Schon einmal etwas von den Weihnachtsinseln gehört? Damit meinen wir weder die jährlichen Weihnachtsferien am Ende des Jahres, noch die ganzjährig geöffneten Weihnachtsläden. Die Weihnachtsinseln sind tatsächlich existierende Inseln – zwei an der Zahl.
Ei
ne liegt im Indischen Ozean und gehört heute zu Australien, die andere liegt im Pazifik, auf halber Strecke von den USA nach Australien und ist Teil des Inselstaates Kiribati.
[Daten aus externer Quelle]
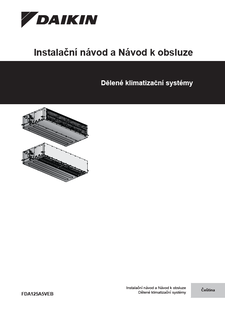 FDA125A_Installation.Operation manual_4PCS494410-1D_Czech download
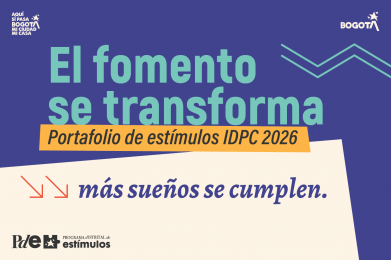 El IDPC abre convocatoria para integrar el Banco de expertos del ...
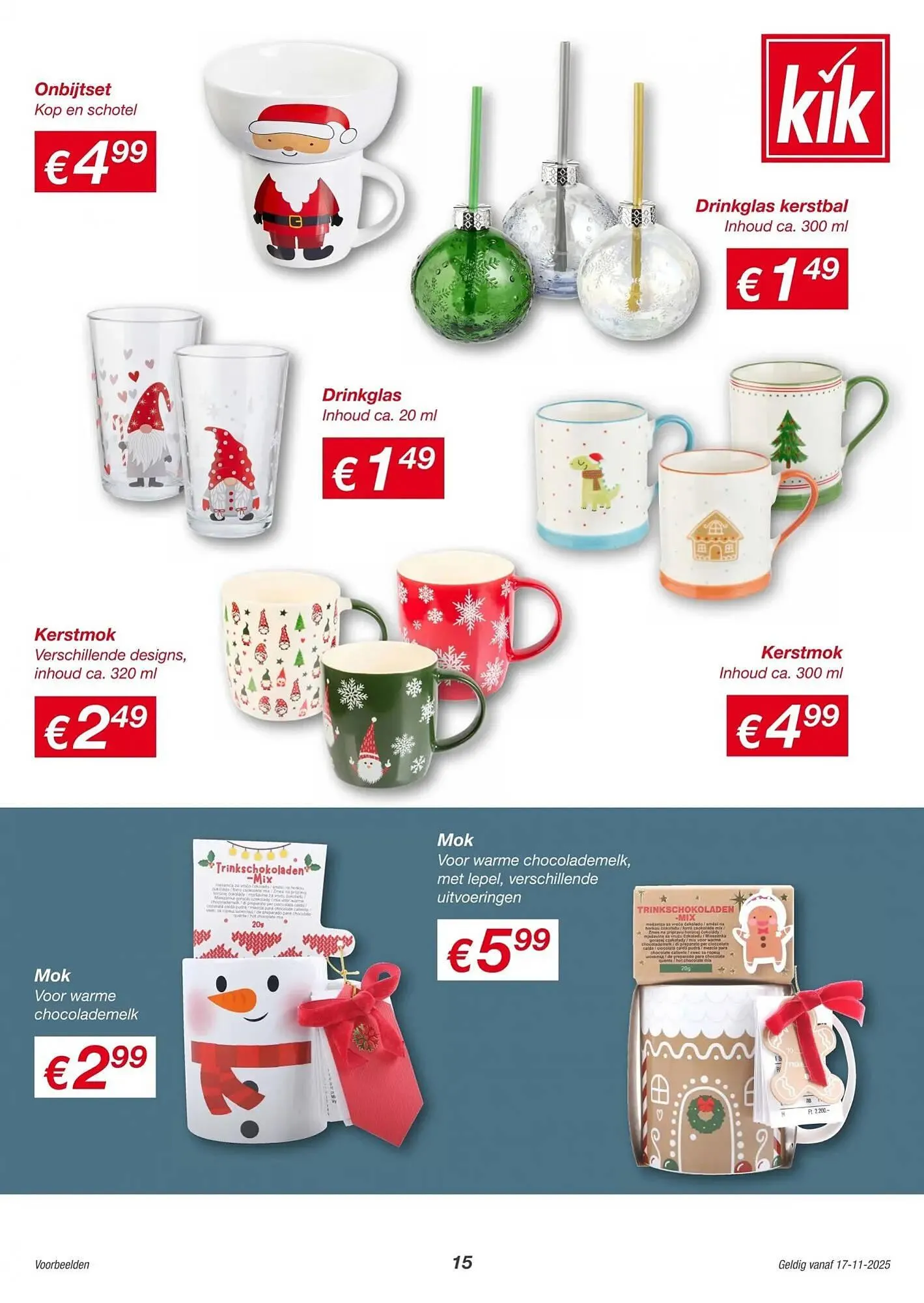 Kik folder van 17 november tot 24 november 2025 - Folder pagina 15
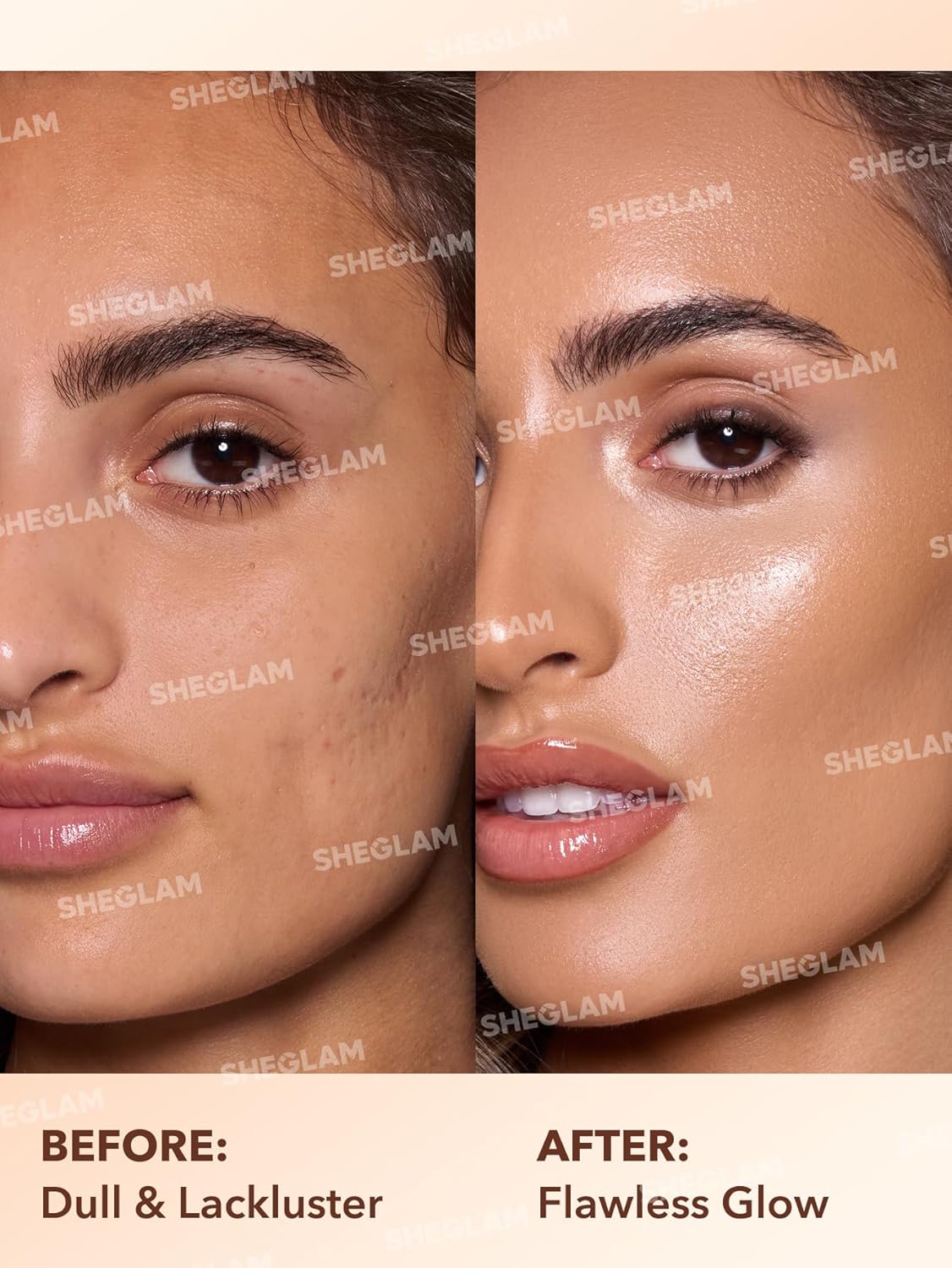 Sunburst Glow Mixer - 4-in-1 Liquid Complexion Booster | Hyaluronic Acid, Vegan, Medium Tan Neutral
Zwar trennen die Inseln ca. 9500 Kilometer, jedoch haben sie auch einiges gemeinsam.
Beide können, nach deutschem Standard, nicht unbedingt weihnachtliches Klima vorweisen. Hinzu kommt, dass beide von großen Seefahrern entdeckt wurden, wo übrings auch die Antwort auf die Frage des außergewöhnlichen Namens liegt.
Die Christmas Island im Indischen Ozean wurde als erste entdeckt. Am 25. Dezember 1643 erreichte Kapitän William Mynors die Insel, trug sie in sein Logbuch ein und segelte weiter, ohne noch einen Gedanken an die Inseln zu verschwenden. Wegen des Datums der Entdeckung wurde sie Weihnachtsinsel genannt.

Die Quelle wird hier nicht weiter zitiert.